Pendant longtemps, encore, le programme des Chrétiens ne s'éloignera pas des paroles de l'apôtre Paul (1) : Nous sommes pressés de toutes parts, mais non réduits à l'extrême ; dans la détresse, mais non dans le désespoir ; persécutés, mais non abandonnés ; abattus, mais non perdus ; portant toujours avec nous dans notre corps la mort de Jésus, afin que la vie de Jésus soit aussi manifestée dans notre corps. Car nous qui vivons, nous sommes sans cesse livrés à la mort à cause de Jésus, afin que la vie de Jésus soit aussi manifestée dans notre chair mortelle.
Pendant plusieurs minutes encore, le mentor poursuivit ses explications sur les devoirs qui attendaient les légionnaires de l'Évangile face aux difficultés du monde, puis il descendit finalement de la tribune dorée pour échanger des propos fraternels.

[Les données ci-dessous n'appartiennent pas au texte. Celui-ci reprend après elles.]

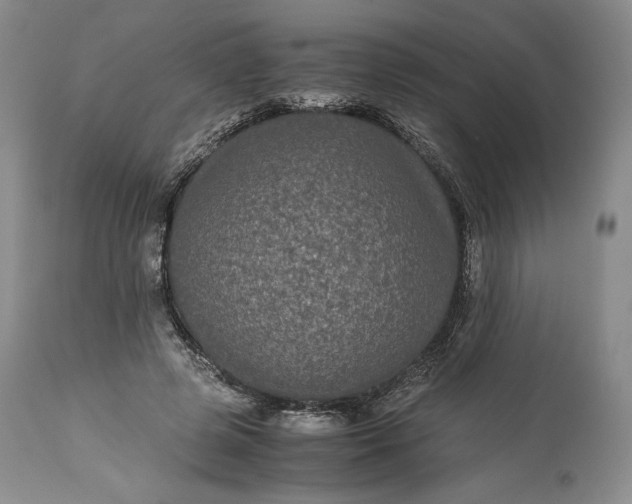 X0000114190545200910231323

Nombre d'entre eux lui baisèrent les mains commentant avec enthousiasme les tâches
à venir.
Les observations et les prières de protection cessèrent lorsque le prédicateur fut approché par une personne qui se manifesta avec une affectueuse intimité.
Varrus ! — s'exclama-t-il, en étreignant le nouvel arrivant tout en contenant son émotion.
II s'agissait d'un vieux romain au regard pénétrant et triste dont la tunique très blanche se confondant avec l'habit lumineux de son compagnon, ressemblait à une nappe de brouillard éteint rencontrant la soudaine clarté de l'aube.
À l'expression de tendresse qu'ils échangèrent, on pouvait voir qu'il s'agissait de deux amis qui, le temps d'un instant, firent abstraction de l'autorité et de l'affliction dont ils étaient porteurs pour s'entrelacer après une longue séparation.
Une fois leurs premières impressions échangées pendant lesquelles des événements du passé furent rappelés, Varrus Quint, dont la physionomie romaine portait les traits de la sympathie et de la peine, expliqua à son ami moralement plus évolué qu'il prétendait retourner au plan physique, très prochainement.
Le représentant de la Sphère supérieure l'écouta avec attention et lui dit avec mesure, l'air surpris :
Mais, pourquoi ? Je connais la richesse de tes services voués non seulement à la cause de l'ordre mais aussi à la cause de l'amour. Dans le monde patricien, tes dernières expériences furent celles d'un homme correct qui alla jusqu'au sacrifice extrême et tes premiers essais dans la construction chrétienne ont été des plus dignes. Ne vaudrait-il pas mieux continuer dans ta démarche au-dessus des paysages inquiétants de la chair ?
L'interlocuteur fit un geste calme de supplique et allégua :
Claude, mon ami béni ! Je te le demande !... Je sais que tu as le pouvoir d'autoriser mon retour. Oui, sans aucun doute, les appels de l'au-delà émeuvent mon âme !... Je désire ardemment m'unir définitivement aux nôtres de l'avant-garde... Néanmoins — et sa voix a presque disparu tant son émotion était forte — parmi ceux qui sont restés en arrière, j'y ai un fils cher à mon cœur perdu dans les ténèbres et que je désirerais aider...
Tatien ? — demanda le mentor intrigué.
Lui-même...
Et Varrus continua avec une charmante humilité :
Je rêve de le conduire au Christ de mes propres bras. J'ai imploré le Seigneur une telle grâce avec toute la ferveur de mon affection paternelle. Tatien est pour moi ce que la rosé représente pour l'arbuste épineux où elle est née. Dans ma pauvreté, c'est mon trésor et, dans ma laideur, c'est la beauté dont je désire m'enorgueillir. Je donnerais tout pour me consacrer à lui, à nouveau... Le caresser près de mon cœur pour le guider dans ses étapes en direction de Jésus, c'est le ciel auquel j'aspire..
Et, comme s'il voulait sonder l'impression qu'il avait causée à son ami, il ajouta :
Par hasard, aurais-je tord dans mes aspirations ?
Le vieux guide le caressa avec une évidente expression de piété, il passa sa main droite sur son front baigné de lumière et lui dit :
Je ne discute pas tes sentiments que je suis contraint de respecter, mais... une telle renonciation est-elle vraiment nécessaire?
Comme s'il organisait ses propres réminiscences afin de s'exprimer avec assurance, il fit une longue pause qu'il interrompit lui-même en faisant remarquer :
Je ne crois pas que Tatien soit prêt. Je l'ai vu, il y a quelques jours au temple de Vesta, commandant une importante légion d'ennemis de la lumière. Il ne m'a pas semblé incliné à quelque service que ce soit en faveur de l'Évangile. Il erre dans les sanctuaires des divinités olympiennes incitant aux émeutes contre le christianisme naissant et se complaît toujours aux festivités des cirques trouvant de l'intérêt et de la joie aux effusions de sang.